60-latek ze Żnina spalił psa w domowym piecu. Wcześniej zerwał mu obrożę wrośniętą w szyję

Policja w Żninie (woj. kujawsko-pomorskie) zatrzymała 60-latka podejrzanego o znęcanie się nad psem i spalenie go w domowym piecu. W chwili zatrzymania mężczyzna był kompletnie pijany.

W miniony piątek żnińskich policjantów zaalarmowała sąsiadka właścicieli psa. Zaniepokoiło ją to, że nagle przestała słyszeć skowyt zwierzęcia, które zwykle robiło bardzo dużo hałasu. Po przybyciu policji właściciele tłumaczyli, że psa po prostu zabrał na spacer jeden ze znajomych.

Mimo wszystko funkcjonariusze postanowili rozejrzeć się po podwórku. W ten sposób znaleźli zerwaną obrożę, na której znajdowały się ślady krwi i sierści. Oprócz tego zauważyli również gęsty dym, który wydobywał się z komina domu, choć na dworze było dość ciepło. Wtedy dokonali makabrycznego odkrycia. W piecu centralnego ogrzewania znaleźli zwłoki spalonego psa przykryte warstwą trocin.

Był całkowicie pijany

Podejrzanego 60-latka zatrzymano jeszcze tego samego wieczoru. Mężczyzna natychmiast trafił do policyjnego aresztu. Tam musiał jednak najpierw dojść do siebie - miał we krwi blisko 2,5 promila alkoholu.
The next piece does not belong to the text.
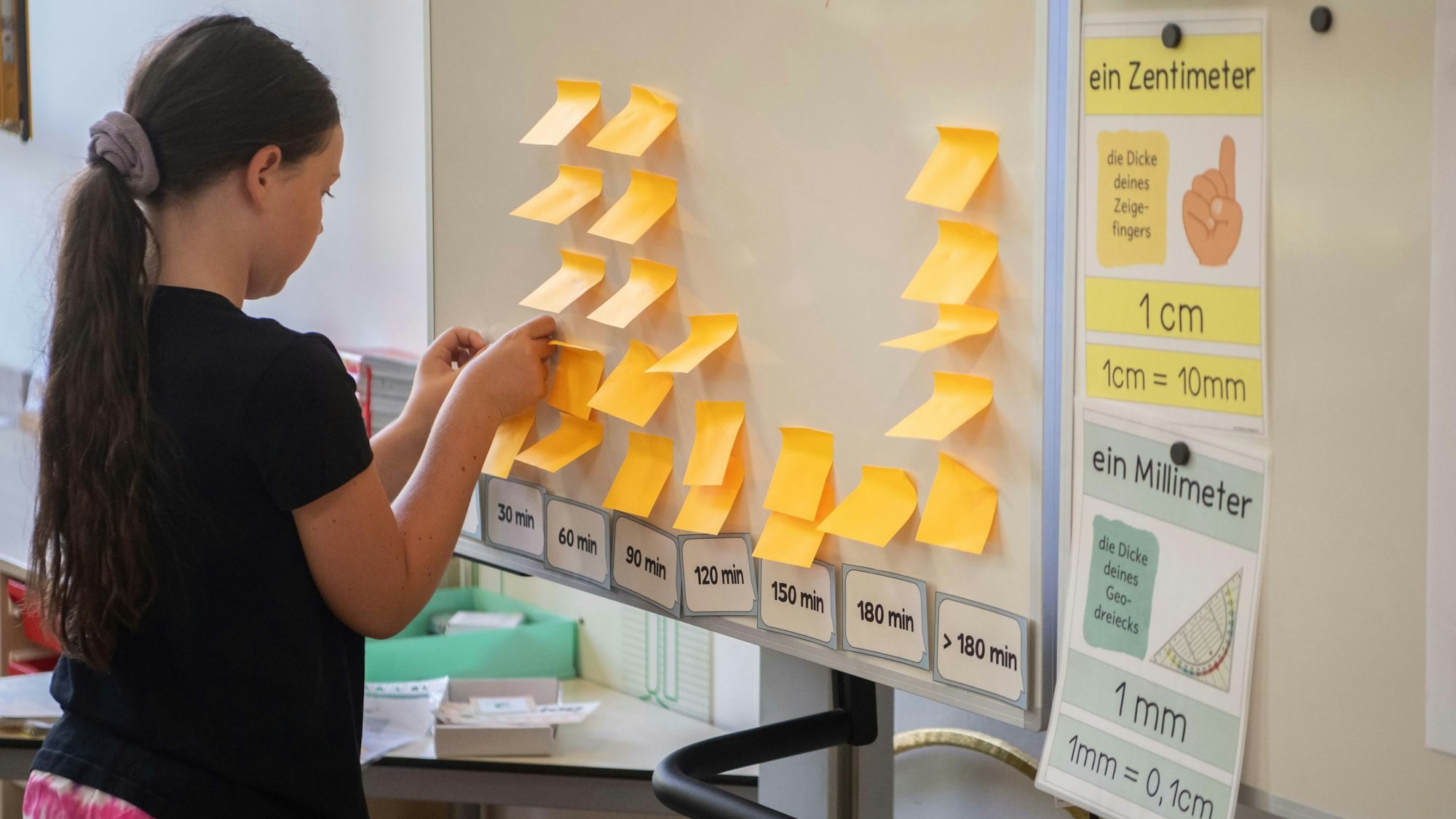Eine Grundschülerin klebt einen Zettel an ein Smartboard, an dem bereits mehrere Zettel befestigt wurden.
W niedzielę żninianin pojawił się w prokuraturze. Usłyszał zarzut znęcania się nad zwierzęciem ze szczególnym okrucieństwem. Oprócz spalenia psa, zarzucono mu także ciągnięcie go za łańcuch, duszenie, uderzanie kijem po głowie czy siłowe zerwanie obroży wrośniętej w szyję. Na wniosek śledczych sąd aresztował go na trzy miesiące. Teraz grożą mu trzy lata więzienia.
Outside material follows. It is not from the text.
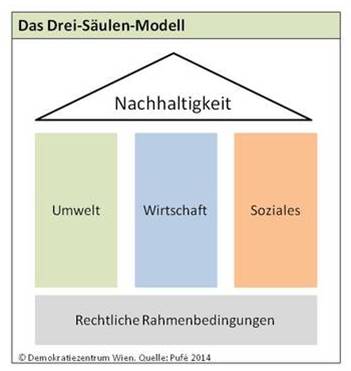 Sekundärschaden auf der Rasenfläche durch Rabenvögel.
Policja wciąż bada, czy pies został spalony żywcem, czy też zwierzę zmarło jeszcze przed wrzuceniem do pieca. Oprócz tego funkcjonariusze sprawdzają, czy w sprawę nie są zamieszane jeszcze inne osoby. Jak dotąd zatrzymano dodatkowo 38-letniego właściciela psa, który miał podżegać do jego zabicia.